Primary question: will restrictions on Twitter limit data mining (...)
Yes, this is technically feasible , but it will take years to use only one API access token. I mean here, probably more than 6 months of continuous run.
More precisely:
- node extraction (Twitter users) can be performed very quickly, because you will use the
users/lookup API endpoint, which allows you to extract 100 nodes per request and make 180 requests in 15 minutes of the window (for each access token) - retrieving edges (follow user relationships) is the slow part, you will use
friends/ids and followers/ids API endpoints, limited to 15 requests in 15 minutes and allowing you to extract followers from more than 5,000 friends for a unique user per request.
You can use the metadata of the nodes (descriptions of texts, locations, languages, time zones) to perform some interesting analysis without even having to extract the βgraphβ (follow the relationships between everyone)
The work around is to parallelize parts of the extraction by spreading the extraction through several access tokens. Seems compatible with me regarding terms of use if you respect secure accounts.
In any case, you should filter out the selection of edges for celebrities (you probably do not want to extract followers of hootsuite, there are almost 6 million of them).
disclaimer: self-promotion here: in case you do not want to develop it yourself, I could do the extraction for you and provide you with a graphic file, since I am extracting twitter columns on tribalytics . (I read this one and which before publication).
I am also trying to find out if there is any process to request higher speed limits for any research purpose.

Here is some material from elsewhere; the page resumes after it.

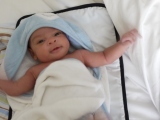 Waving his arms after a bath, he seems to be liking them better! (Thumbnail 26.2 k bytes, click through to 243kB file).  Six weeks old.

Officially, there are no whitelisted apps with higher speed limits, for example, with the previous twitter API version. You should probably get in touch with Twitter and see if they can help you, since your work is aimed at an academic purpose.
Most likely, I will have to scale the project, which is OK
I would advise you to reduce your initial list of 600 users as much as you can . Just keep those who are truly central to your topic and whose audience is not too large. Extracting a local celebrity schedule will give you a schedule with many people who are not at all related to the population you want to study.